Here is what he said...
Instead of looking for tutorials that demonstrate the technical stuff, you really should be studying the foundational knowledge instead--things like composition, perspective, lighting/values, color theory, anatomy/figure, clothing folds...etc. The technical stuff is a piece of cake compared to the critical foundations, and if your foundations are solid, it only takes a very short amount of time to become proficient technically.He is totally right! Totally!
Compositionally, this is probably a bit loose and could be tightened up a bit by making it a portrait aspect ratio instead of square. The scene itself doesn't really need the extra space horizontally.
She is fairly attractive and her proportions are pretty good, so that's plus.
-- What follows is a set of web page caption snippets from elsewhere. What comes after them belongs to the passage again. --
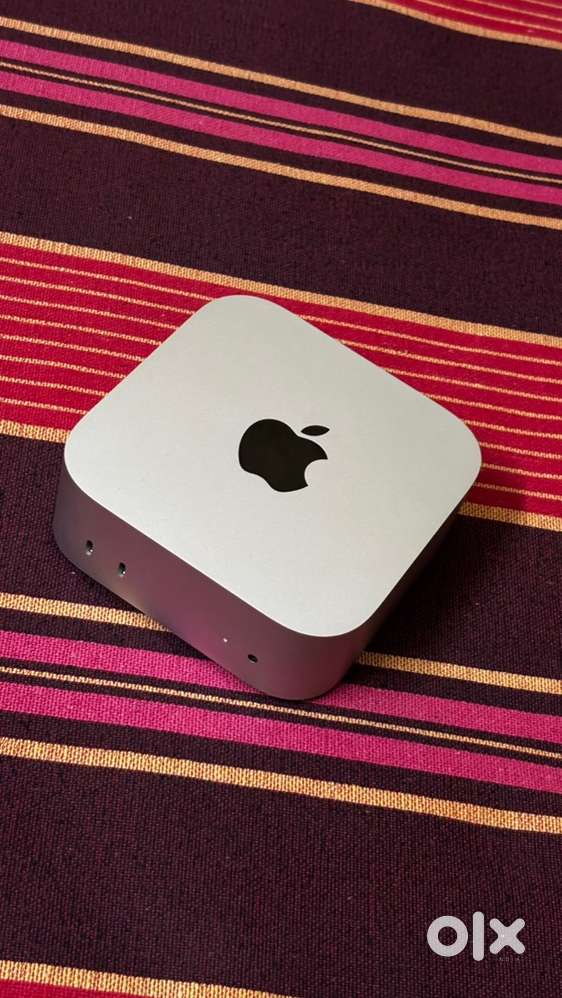 Apple Mac Mini M4 chip 16GB  256 GB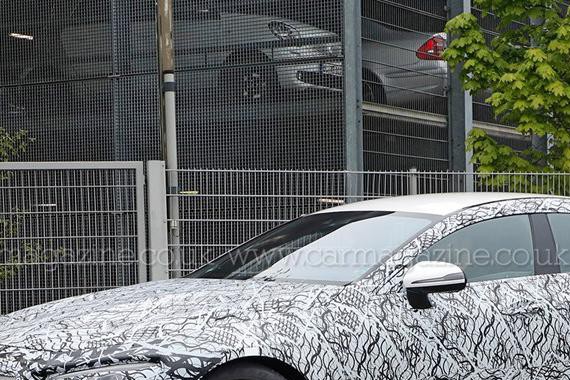 搭配E级车骨架 疑似梅赛德斯奔驰4门AMG GT4路测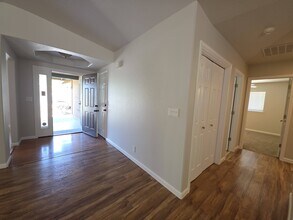 3179 Sunglow Dr in Redding, CA - Building Photo - Building Photo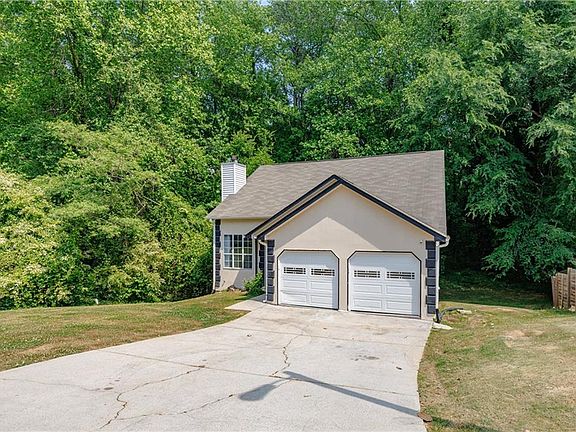 2nd image of 2211 Sandridge Pl SW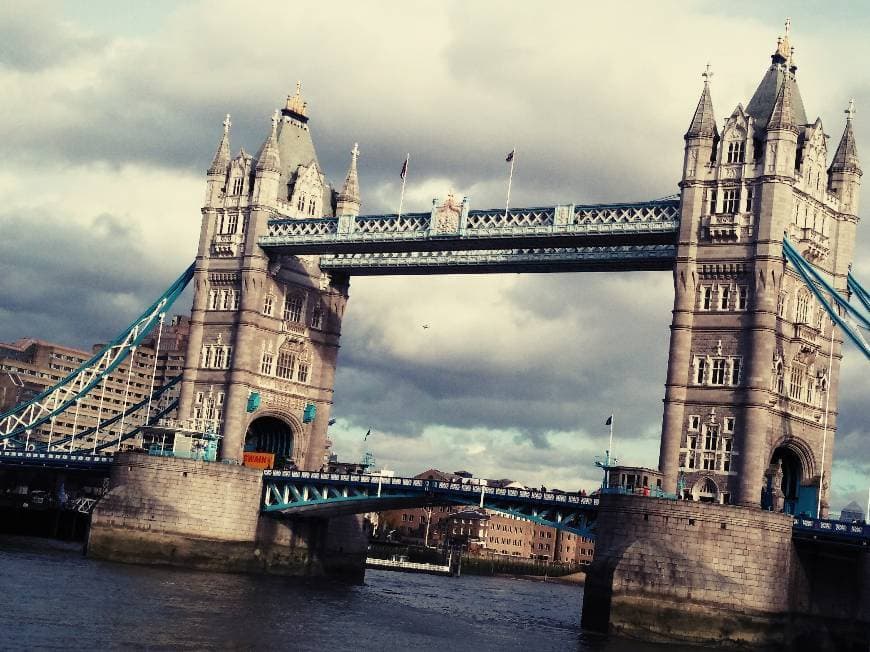 Place Tower Bridge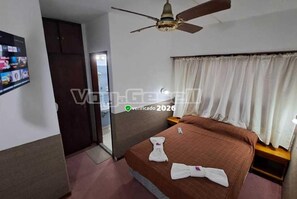 In-room safe, free WiFi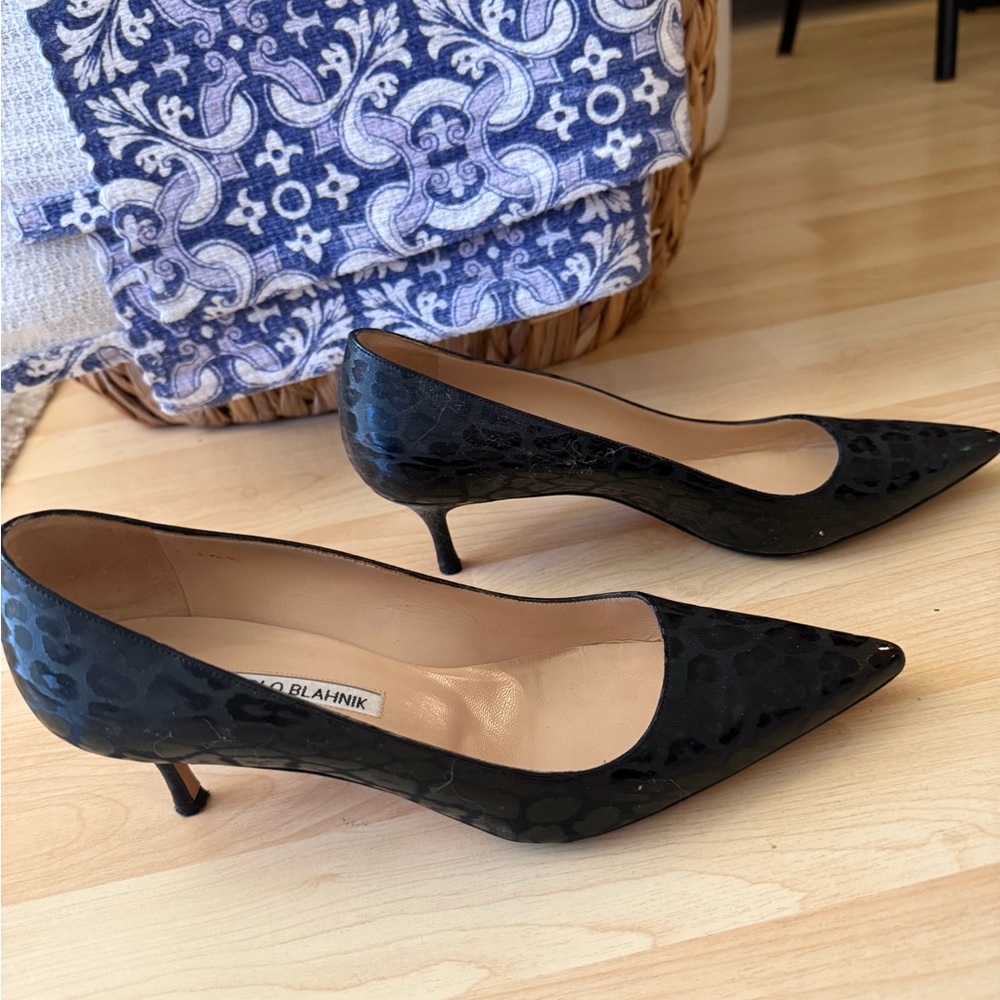 Manolo Blahnik Black Pumps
The lighting is incoherent because you have your main light source back-lighting the subject, yet, the subject is very bright in the front, as if there's another bright light source in front of her. To make the problem worse, that unexplained light source apears to be very diffused and coming from all directions, as if she's in a photography studio with a bunch of photography lights all going off as once. In order to make your scenes credible and authentic, you must first decide on exactly what your light sources are and then stick to it.
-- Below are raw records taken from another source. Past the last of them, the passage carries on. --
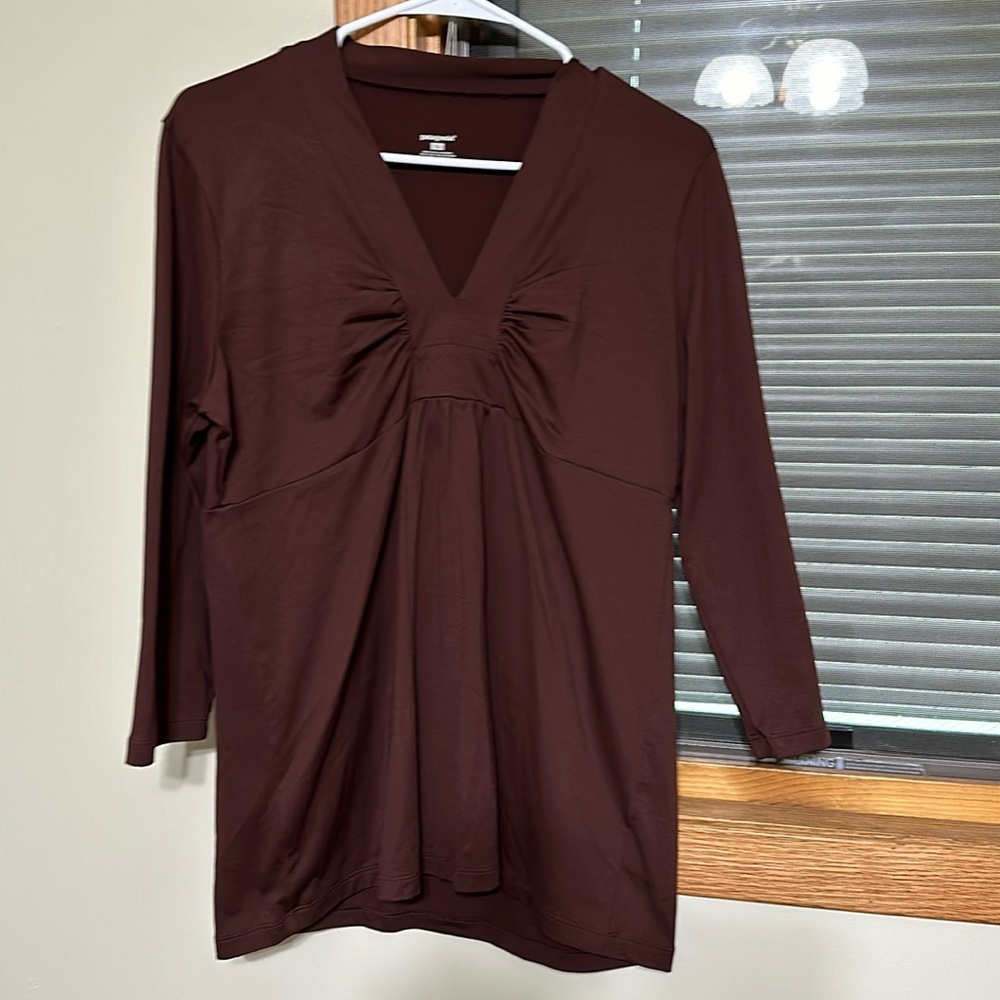 PATAGONIA XL women’s top, nice!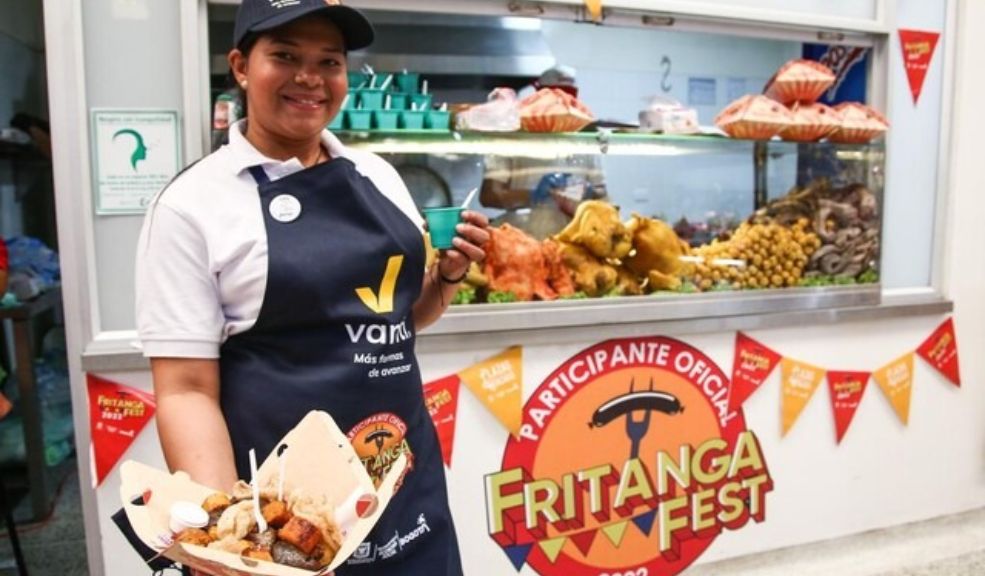 El Festival de la Fritanga llega a Bogotá Este festival celebra la riqueza culinaria de la fritanga, un plato típico colombiano compuesto por deliciosos ingredientes como papa criolla, morcilla, longaniza, chorizo, arepa y diversas carnes.
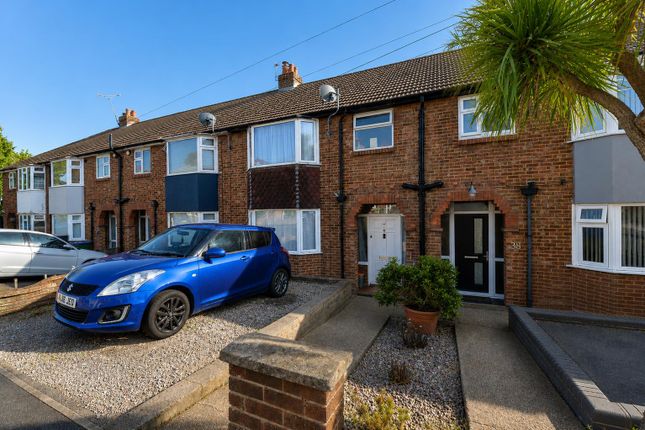 3 bed property, in Elmhurst Road, £280,000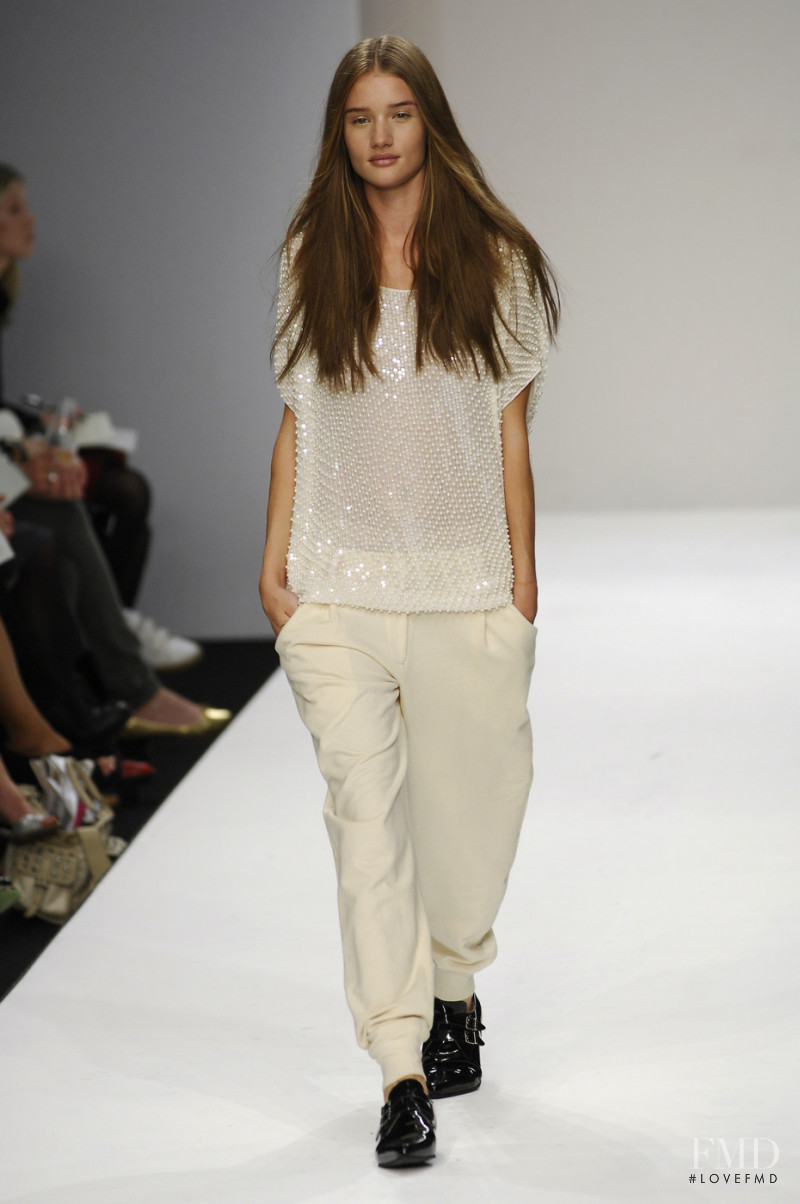 Rosie Huntington-Whiteley featured in  the Ashish fashion show for Spring/Summer 2008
She should have a clear rim light on her from the moon, but the rest of her should be much darker, pretty much a silhouette. If you want to illuminate her from the front, then you need to think of a credible light source--perhaps a torch light, a bonfire, or even magical light--anything but a nondescript diffused light.
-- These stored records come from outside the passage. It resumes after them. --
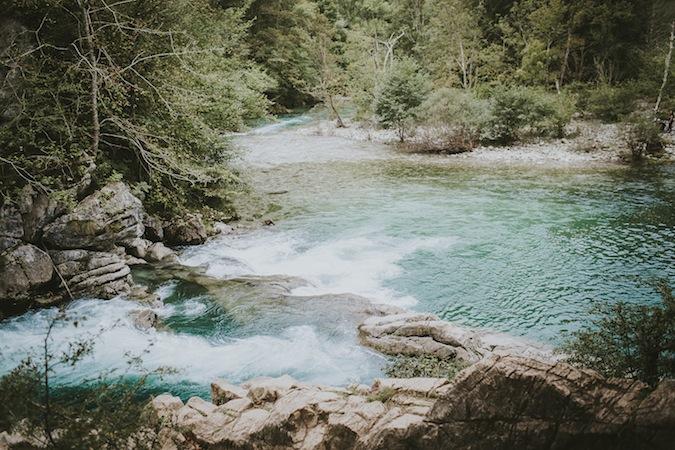 Una postboda en el rio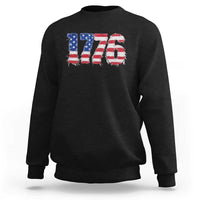 Distressed Faux Patchwork 1776 USA Flag Sweatshirt Vintage Effect Printing Patriotic Graphic 4th Of July Independence Day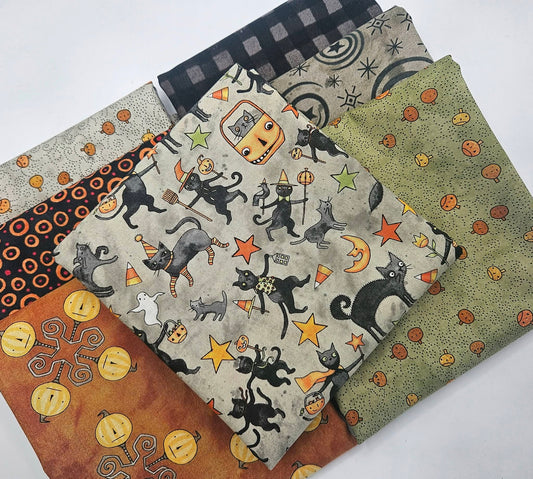 Riley Blake Spooky 7-Fabric Bundle - Teresa Kogut Halloween Cotton Prints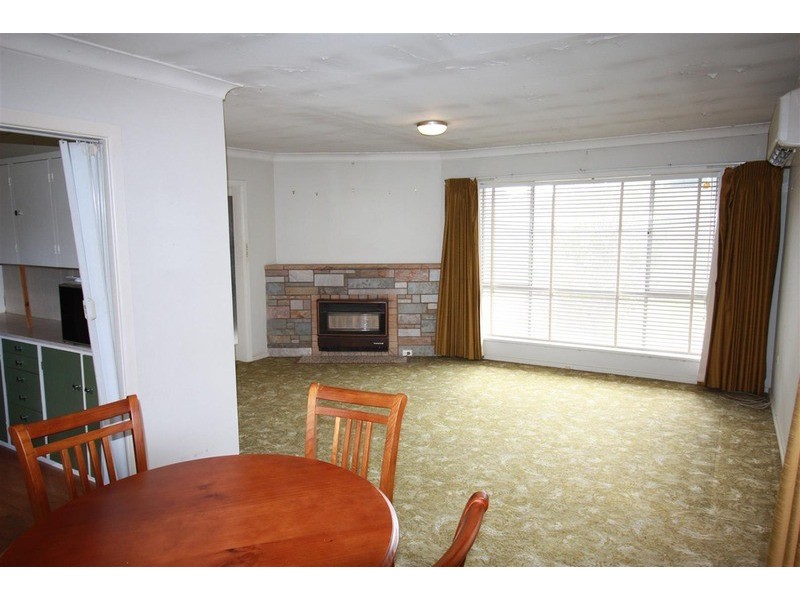 12 Lusher  Avenue, Turvey Park NSW 2650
Her hair looks too stuff, like dried hay. Taper your lines when you paint hair strands. Set your pen to vary brush size by pen pressure, and then practice drawing tapered lines--it makes all the difference in the world.
Her clothing doesn't look credible because the lack of folds and wrinkles show you don't know how to depict natural looking folds and wrinkles, but by skipping them, the clothing looks over simplified in contrast to the details we see in the rest of her.
This is one of the obvious drawbacks of using photo references as a crutch--whatever isn't in the photo reference, you have a hard time painting out of your head, and it always looks less realistic/detailed/natural than the parts that did use photo reference.
The ocean looks too vague. The ripples and waves when backlit like that are actually very contrasty. Even if there's fog/mist, it still wouldn't look so smudgy. Instead, you should paint a contrasty ocean, then put a layer of fog/mist over it, instead just painting the ocean really vague and smudgy.
At first I was like in my head.. "WOW I'M SO HORRIBLE.. OH MY GOD. WHY AM I DOING THIS?!" and then I realized that I was being a drama queen.
Took some breaths, and then re-read it looking at it from a different perspective. Haha. Had my husband read it too.
So... should I shelve this or redo it?